Beispiel, wie man einen Eurofighter in Ansprüche giessen könnte (man verzeihe die nach oben offenen Bereichsangaben:
A1 Fahrzeug mit mindestens einer Antriebsvorrichtung, mindestens zwei Rädern und einer Höchstgeschwindigkeit von mindestens 1000 km/h.
...
A9 Fahrzeug nach A1, d.g.d. das Fahrzeug ein Flugzeug ist.
...
A11 Fahrzeug nach A9, d.g.d. das das Fahrwerk über zwei Räder am Bugfahrwerk und zwei Räder am Hauptfahrwerk verfügt.
...
A17 Fahrzeug, nach A11, d.g.d. als Antriebsvorrichtung genau zwei Düsentriebwerke vorgesehen sind.

Nur weil der A1 auch auf die Saturnrakete, die Concorde oder Autos mit Düsentriebwerk passt, wird aus A17 noch lange keine "Auswahlerfindung".

Wenn durch die Unteransprüche viele verschiedene Gegenstände beansprucht werden, ist es halt eine Erfindung mit vielen Ausführungsbeispielen...

Gruß, Fragender
 

Asdevi

*** KT-HERO ***
Dein Beispiel hat doch mit den anderen überhaupt nichts zu tun. Bei dir hängt A17 nur von A11 ab, A11 nur von A9 und A9 nur von A1. Die Kette A17->A11->A9->A1 ist völlig eindeutig.
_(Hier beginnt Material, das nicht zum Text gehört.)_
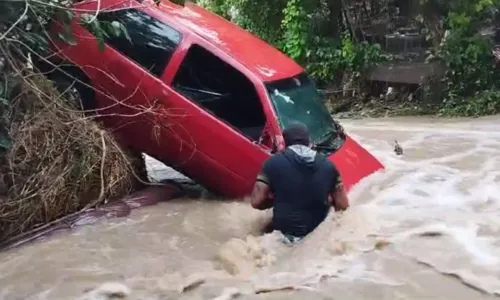 
				
					Chuvas na Bahia: água arrasta veículos e alaga imóveis no interior
				
				
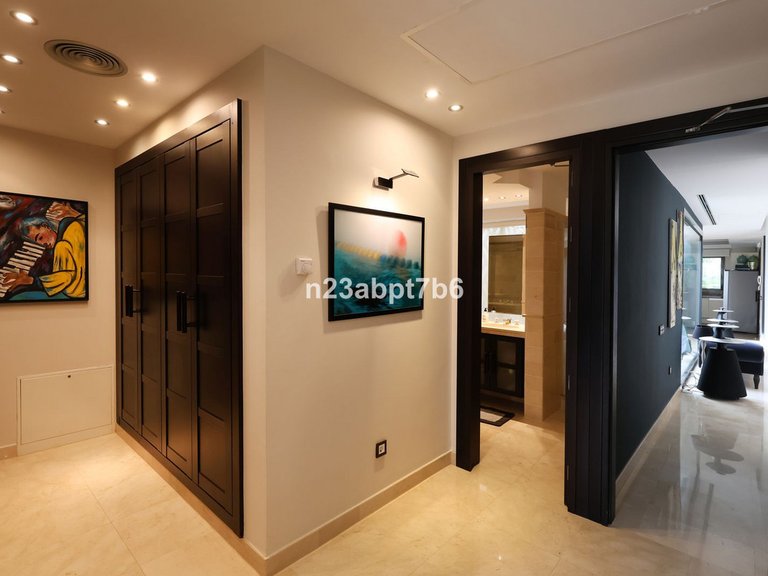 Villa for Sale in Puerto Banús, Malaga 26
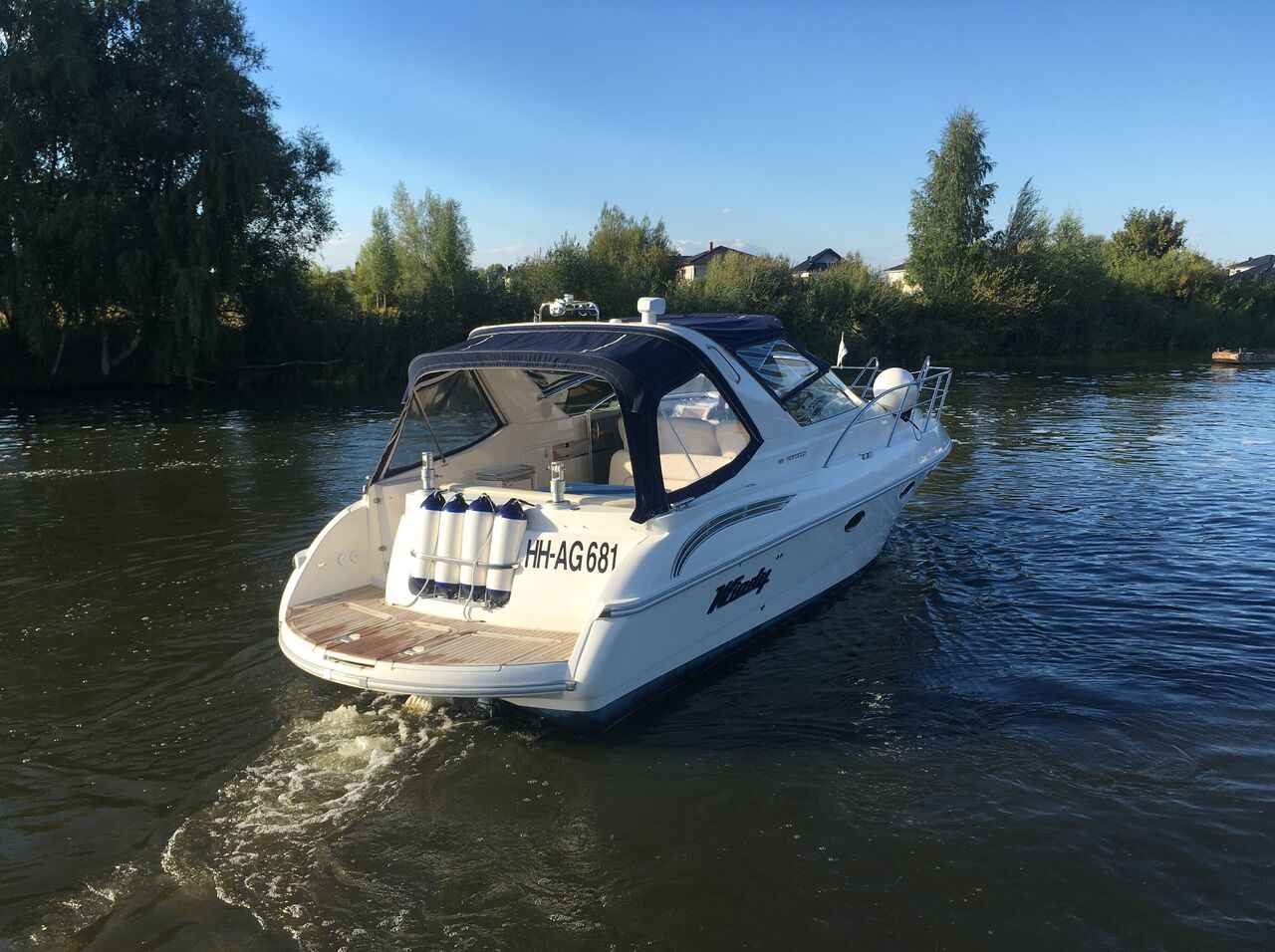 Motorboot Windy 33 Scirocco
Wir haben obern Fälle mit Anspruchsketten von Ansprüchen mit mehreren Rückbezügen, die von allen vorher genannten Ansprüchen abhängen. Damitist dann jede beliebige Unterkombination von Ansprüchen abgedeckt. Aber ihr glaubt doch nicht im ernst, dass damit jede beliebige Unterkombination auch eindeutig offenbart ist.
 

Pat-Ente

*** KT-HERO ***
Wir haben obern Fälle mit Anspruchsketten von Ansprüchen mit mehreren Rückbezügen, die von allen vorher genannten Ansprüchen abhängen. Damitist dann jede beliebige Unterkombination von Ansprüchen abgedeckt. Aber ihr glaubt doch nicht im ernst, dass damit jede beliebige Unterkombination auch eindeutig offenbart ist.
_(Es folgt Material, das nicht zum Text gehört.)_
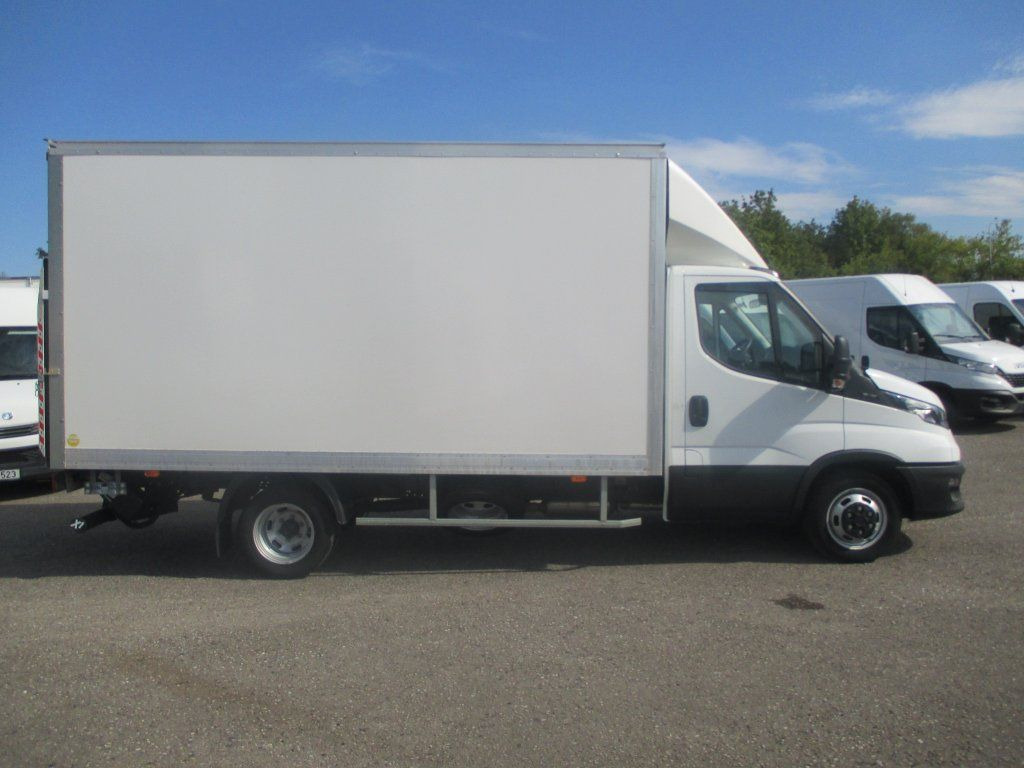 Iveco Daily 35C16 - الشاحنات الصغيرة صندوق مغلق: صور 5 Iveco Daily 35C16 - الشاحنات الصغيرة صندوق مغلق: صور 5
Ich bin schon der Meinung, dass jede Unterkombination offenbart ist. Darauf kommt es allerdings gar nicht an - es ist doch unzweifelhaft, dass zumindest die (Gesamt-)Kombination aller Merkmale aller aufeinander bezogenen Ansprüche offenbart ist. Diese ist aber für jede Unterkombination neuheitsschädlich.